[[ Exercise input, beginning ]]
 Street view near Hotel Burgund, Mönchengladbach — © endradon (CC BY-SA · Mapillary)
[[ Exercise input, end ]]
[[ Exercise input, beginning ]]
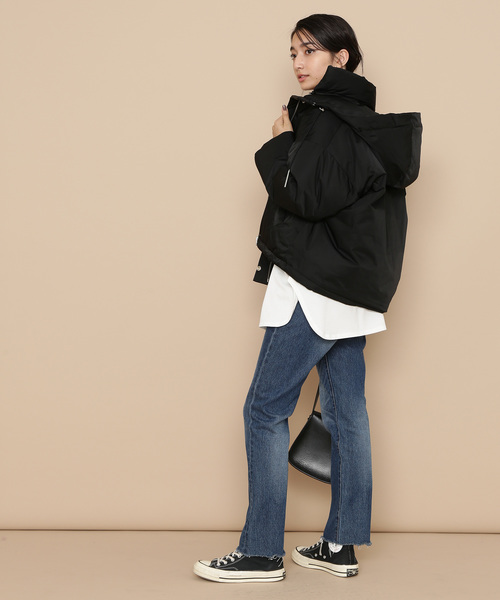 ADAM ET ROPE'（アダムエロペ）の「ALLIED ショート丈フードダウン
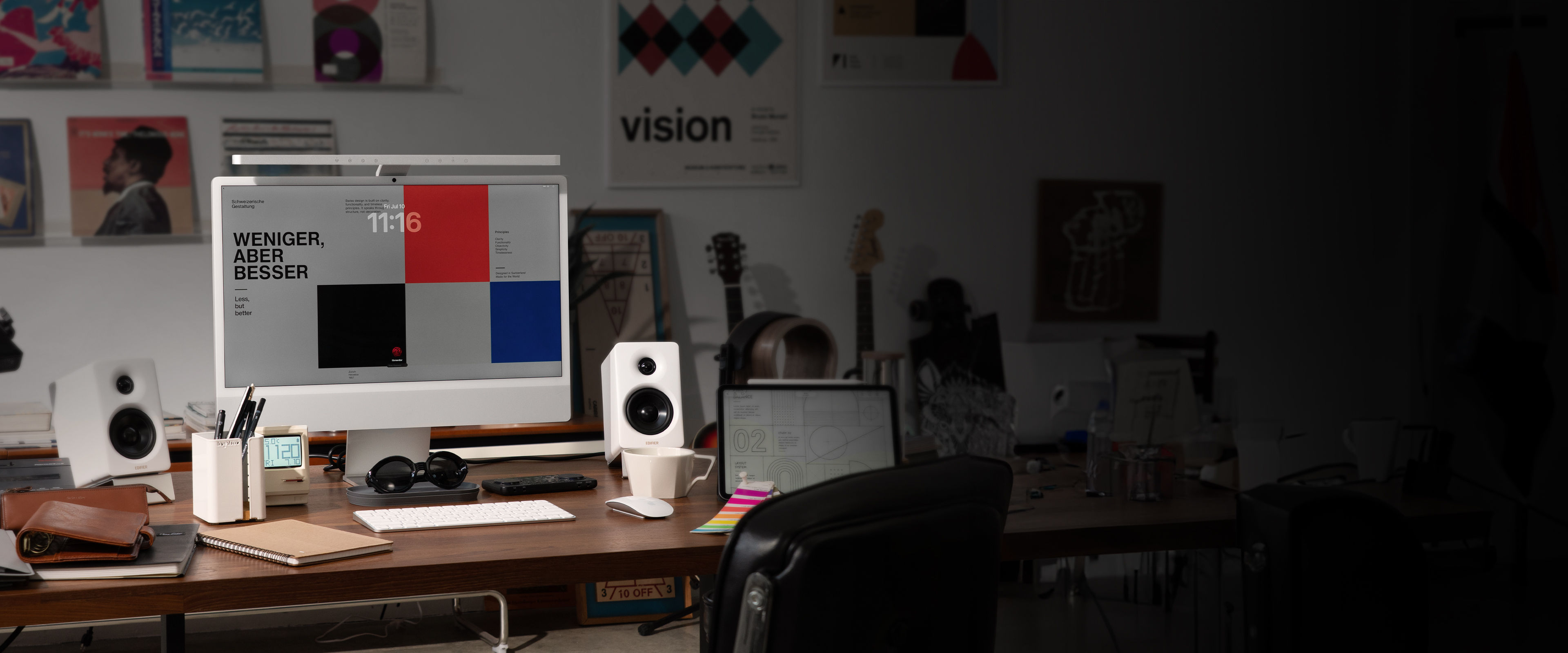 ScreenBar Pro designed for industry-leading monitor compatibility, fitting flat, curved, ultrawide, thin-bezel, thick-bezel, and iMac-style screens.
[[ Exercise input, end ]]
[[ Exercise input, beginning ]]
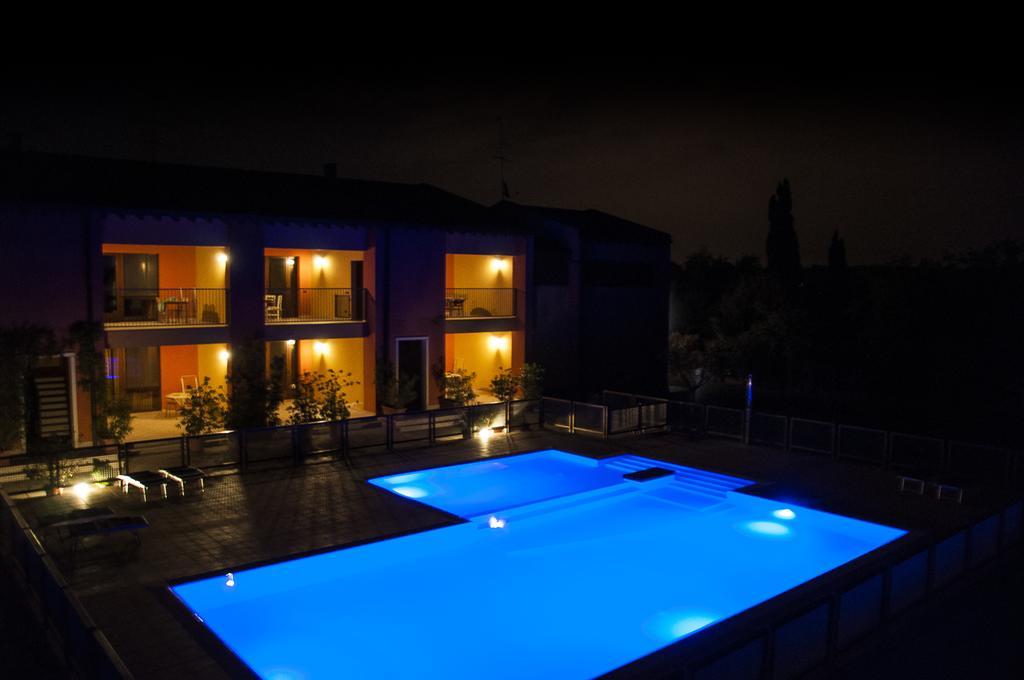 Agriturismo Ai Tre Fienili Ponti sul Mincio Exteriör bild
[[ Exercise input, end ]]
**Action item**
An exact copy is needed. It runs from the line above containing "ADAM ET ROPE'（アダムエロペ）の「ALLIED ショート丈フードダウン" down to the line containing "ScreenBar Pro designed", both included, with no pictures.

**Your solution**
 ADAM ET ROPE'（アダムエロペ）の「ALLIED ショート丈フードダウン
 ScreenBar Pro designed for industry-leading monitor compatibility, fitting flat, curved, ultrawide, thin-bezel, thick-bezel, and iMac-style screens.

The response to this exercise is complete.